What Are Warnings and Precautions for Insulin Lispro Protamine/Insulin Lispro?


  • Allergic to insulin lispro
  • Hypoglycemia
  • Younger than 18 years old

Effects of drug abuse

  • None

Short-Term Effects

  • See “What Are Side Effects Associated with Using Insulin Lispro Protamine/Insulin Lispro?”

Long-Term Effects

  • See “What Are Side Effects Associated with Using Insulin Lispro Protamine/Insulin Lispro?”

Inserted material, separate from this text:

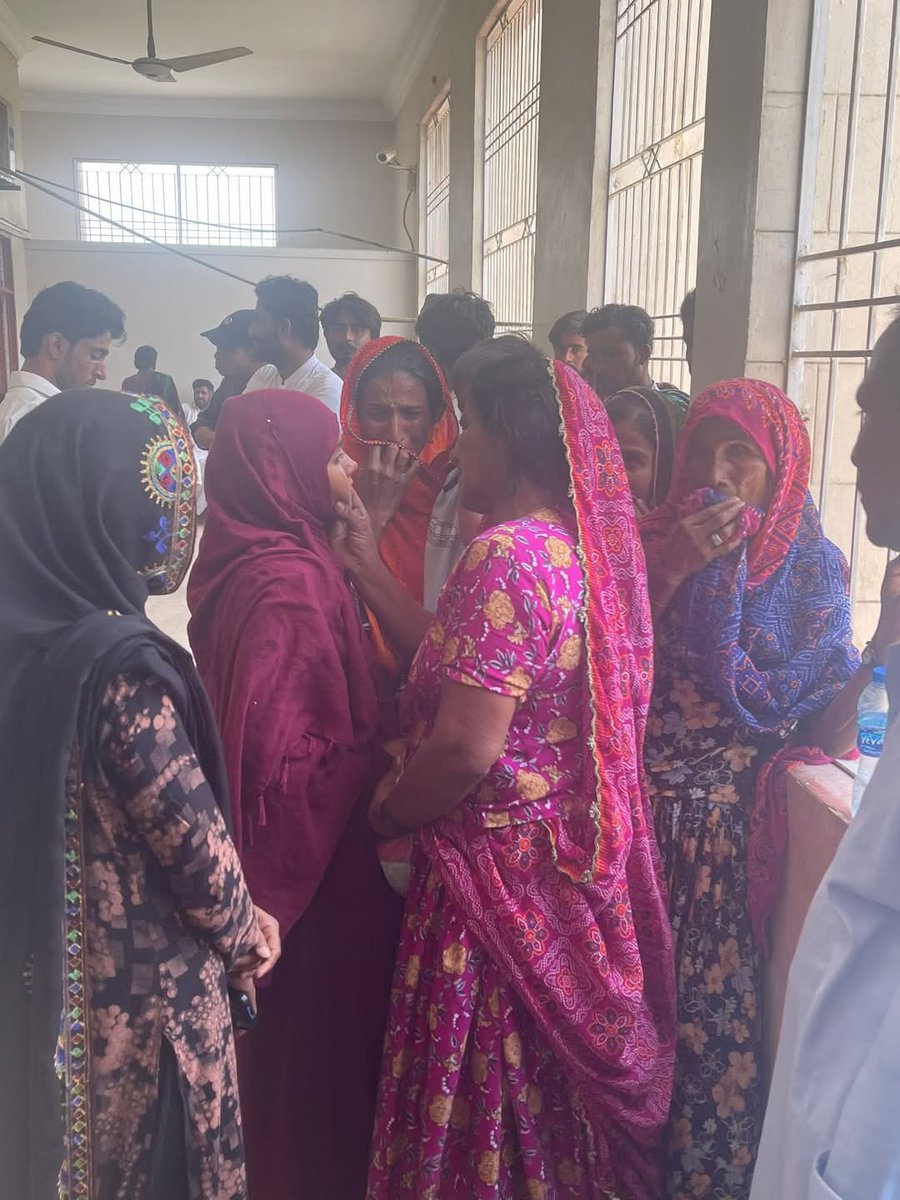 Veengas (@veengasj) on Twitter photo The news was about Chanda Maharaj’s alleged killing. <a href="/SindhuSorath/">SorathSindhu</a>, the family, and lawyer made efforts to trace her. Today, on the court’s orders, she appeared in court and met her mother — the first time in four years. Chanda was converted to Islam and married to a man The news was about Chanda Maharaj’s alleged killing. <a href="/SindhuSorath/">SorathSindhu</a>, the family, and lawyer made efforts to trace her. Today, on the court’s orders, she appeared in court and met her mother — the first time in four years. Chanda was converted to Islam and married to a man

  • Never share an injection pen, cartridge, or syringe with another person, even if the needle has been changed.
  • Tell your doctor if you also take pioglitazone or rosiglitazone (sometimes contained in combinations with glimepiride or metformin). Taking certain oral diabetes medicines while you are using insulin may increase your risk of serious heart problems.
  • Do not inject this medicine into skin that is damaged, tender, bruised, pitted, thickened, scaly, or has a scar or hard lump.
  • Never share an injection pen, cartridge, or syringe with another person, even if the needle has been changed. Sharing these devices can allow infections or diseases to pass from one person to another.
  • Use a disposable needle and syringe only once. Follow any state or local laws about throwing away used needles and syringes. Use a puncture-proof "sharps" disposal container (ask your pharmacist where to get one and how to throw it away). Keep this container out of the reach of children and pets.
  • You may have low blood sugar (hypoglycemia) and feel very hungry, dizzy, irritable, confused, anxious, or shaky. To quickly treat hypoglycemia, eat or drink a fast-acting source of sugar (fruit juice, hard candy, crackers, raisins, or non-diet soda).
  • Your doctor may prescribe a glucagon injection kit in case you have severe hypoglycemia. Be sure your family or close friends know how to give you this injection in an emergency.
  • Also, watch for signs of high blood sugar (hyperglycemia) such as increased thirst or urination.
  • Blood sugar levels can be affected by stress, illness, surgery, exercise, alcohol use, or skipping meals. Ask your doctor before changing your dose or medication schedule.
  • Insulin is only part of a complete treatment program that may also include diet, exercise, weight control, regular blood sugar testing, and special medical care. Follow your doctor's instructions very closely.
  • This medicine should look cloudy. Do not use the medicine if it looks clear or has particles in it. Call your pharmacist for new medicine.
  • Insulin can cause low blood sugar. Avoid driving or operating machinery until you know how this medicine will affect you.
  • Avoid medication errors by always checking the medicine label before injecting your insulin.
  • Avoid drinking alcohol. It can cause low blood sugar and may interfere with your diabetes treatment.

Pregnancy & Lactation

  • The limited available data on pregnant women are insufficient to inform a drug-associated risk of adverse developmental outcomes; published studies during pregnancy have not reported an association between the drug and induction of major birth defects, miscarriage, or adverse maternal or fetal outcomes; there are risks to mother and fetus associated with poorly controlled diabetes in pregnancy
  • Poorly controlled diabetes in pregnancy increases the maternal risk for diabetic ketoacidosis, pre-eclampsia, spontaneous abortions, preterm delivery, stillbirth, and delivery complications; also increases the fetal risk for major birth defects, stillbirth, and macrosomia-related morbidity
  • Lactation
    • There are no data on the presence of the drug in human milk, effects on the breastfed infant, or milk production; one small published study reported exogenous insulin present in human milk; however, there is insufficient information to determine effects on the breastfed infant and no available information on the effects on milk production; the developmental and health benefits of breastfeeding should be considered along with mother’s clinical need for insulin, any potential adverse effects on the breastfed child from the drug or underlying maternal condition.